▶ _Collected data_:
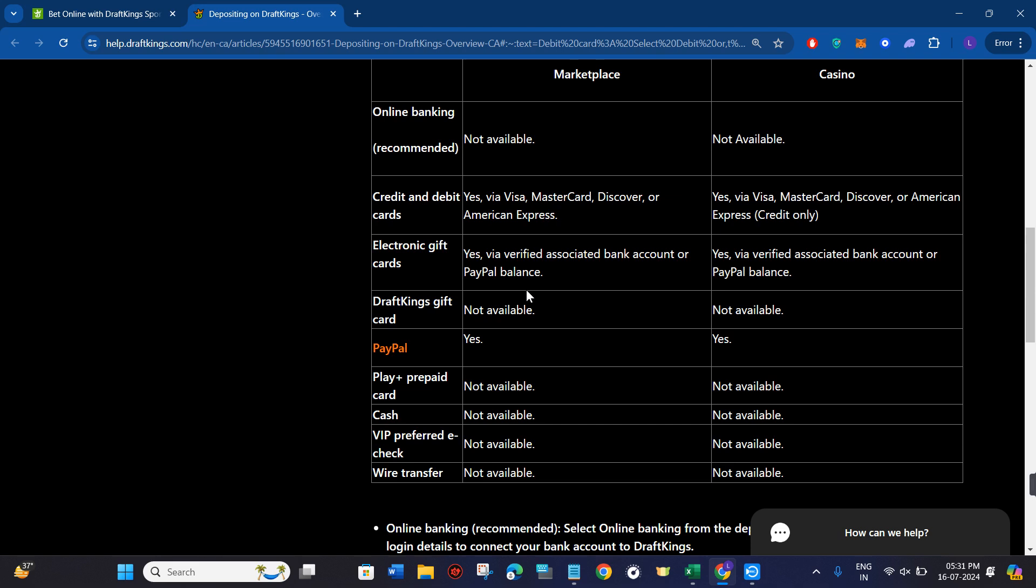After that, you just have to simply conclude your payment on DraftKings after providing the amount into that section. Once you have completed your payment on DraftKings, that particular debit card will be added and will be saved for future use in your DraftKings account.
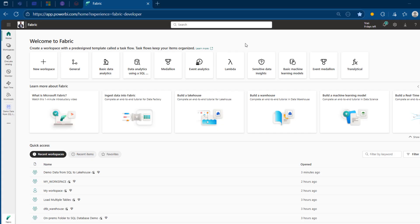This is the Fabric landing page. The first thing I want to do is to download and install the data gateway, which allows you to connect to on-premise data sources like SQL Server.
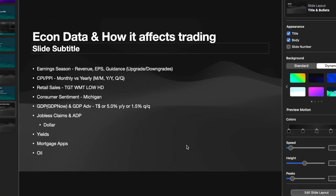We're back to the second part of this economic data video series. In the first video, which I'll link here, we covered earnings, CPI, PPI, retail sales, consumer sentiment, and GDP. As a quick recap, earnings season is when companies report their earnings four times a year, split up according to the four quarters. CPI is reported monthly but is sometimes compared monthly, quarterly, and yearly.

▶ _Aim of the exercise_: Pictures stay out; print everything else in the data exactly.

▶ _Response area_:
After that, you just have to simply conclude your payment on DraftKings after providing the amount into that section. Once you have completed your payment on DraftKings, that particular debit card will be added and will be saved for future use in your DraftKings account.
This is the Fabric landing page. The first thing I want to do is to download and install the data gateway, which allows you to connect to on-premise data sources like SQL Server.
We're back to the second part of this economic data video series. In the first video, which I'll link here, we covered earnings, CPI, PPI, retail sales, consumer sentiment, and GDP. As a quick recap, earnings season is when companies report their earnings four times a year, split up according to the four quarters. CPI is reported monthly but is sometimes compared monthly, quarterly, and yearly.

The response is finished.